Morgan called her maids to lay out her riding clothes and arrange her hair. They rubbed perfumed oils into her skin and dressed her. She hardly spoke to them. Before they left, she gave each one something from her jewelry box. Not the good bits, of course, but more than they had ever expected from her.
The horsemaster returned to say that all would be ready in an hour. He waited.
“That will do, then,” she said. “Have everyone in the courtyard to bid me good-bye.”
When he had gone, she went to the window and tried to peer through the thick green glass. From here she had first seen that horrid king, Uther Pendragon, come to steal away her mother. Her husband, Lot, had ridden from that direction, too, but not for a long time. She wondered if he were even still alive. From this window she had watched her sons come home to her, but the one she wanted most had said he would not come again.
“Good-bye, Tintagel,” she whispered.
She gave her directions to the guards but would not tell them the destination. Her strange manner had started all kinds of speculation. It was even rumored that she was leading them into the lair of Gwynn ap Nudd, hunter of death. The hands of the guards shook as they mounted their horses.
They journeyed several days. Morgan chatted and flirted with her escort as they rode. She told them about her childhood and the excitements of the old days. At first they took the main roads and stopped at inns or country houses where, as ruler of Cornwall, she was honored. She began to wake up a little and smile as if her face had not been stretched.
One night she overheard the guards playing dice.
“Loser sleeps with her hagship!” one laughed. They all joined in.
The next morning she left the road. There was no trail at all that any of them could see as they floundered after her. She heard them cry out as branches whipped across their faces. She wished she could remember how to turn foliage into snakes.
About noon they
stopped on the shore of a wide, still lake. The forest around was entirely silent as they ate their cold goose and bread and uneasily stretched out for a nap.

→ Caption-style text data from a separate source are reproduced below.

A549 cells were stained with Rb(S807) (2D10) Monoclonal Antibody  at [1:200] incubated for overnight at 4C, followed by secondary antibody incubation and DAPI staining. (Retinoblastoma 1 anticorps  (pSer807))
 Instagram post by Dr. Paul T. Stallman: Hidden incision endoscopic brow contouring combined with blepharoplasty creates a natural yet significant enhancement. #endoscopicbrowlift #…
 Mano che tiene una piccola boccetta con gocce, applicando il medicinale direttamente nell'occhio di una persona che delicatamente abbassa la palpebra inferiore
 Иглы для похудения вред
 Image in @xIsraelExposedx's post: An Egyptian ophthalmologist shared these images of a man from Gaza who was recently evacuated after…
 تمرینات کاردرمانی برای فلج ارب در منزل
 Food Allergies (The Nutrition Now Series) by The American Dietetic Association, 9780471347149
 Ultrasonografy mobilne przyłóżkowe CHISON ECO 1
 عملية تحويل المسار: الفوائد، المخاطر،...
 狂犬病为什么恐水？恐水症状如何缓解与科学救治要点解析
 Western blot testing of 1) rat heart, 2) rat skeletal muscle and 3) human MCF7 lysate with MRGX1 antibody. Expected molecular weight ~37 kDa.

Morgan was not tired. She watched the snoring men with contempt. Idiots! She never should have bothered to bring them with her. Nothing would have happened to her if she had gone alone. But it was unthinkable for a woman of her station to travel without proper escort. And she had tried very hard to preserve the outward status. Morgause had never understood that. But perhaps she was right in relying on sorcery alone. Attempts at conformity had not helped Morgan at all.
She picked up her bag and started walking around the lake. About fifty yards from the camp, Morgan noticed a large outcropping of rock jutting into the lake. It started out only a few feet from the ground and sloped upward so that from the edge of it one could look into the water.
Morgan slipped off her shoes and stepped onto the stone. The sun radiating off it warmed her chilled skin. She opened her bag and rummaged in it for a comb. Leaning over the edge of the rock, she saw only her reflection in the water. She smiled in sudden delight. That was the face she had been searching for these past few years, still fresh and unlined. That was what she really looked like. She leaned farther over, clutching the bag to her. Yes, her arms and body were young again, too. It was as if her old self were waiting for her in the lake. She reached out to it and the bag dropped. It barely created a ripple as it slipped into the water. Morgan’s young self smiled again and seemed to beckon her. Yes, of course. I’m coming! Happily, Morgan stepped off the rock.
Her guards wakened at the splash and came running. But, by the time they arrived, they could see only the disturbed water and, floating on the surface, an empty leather bag.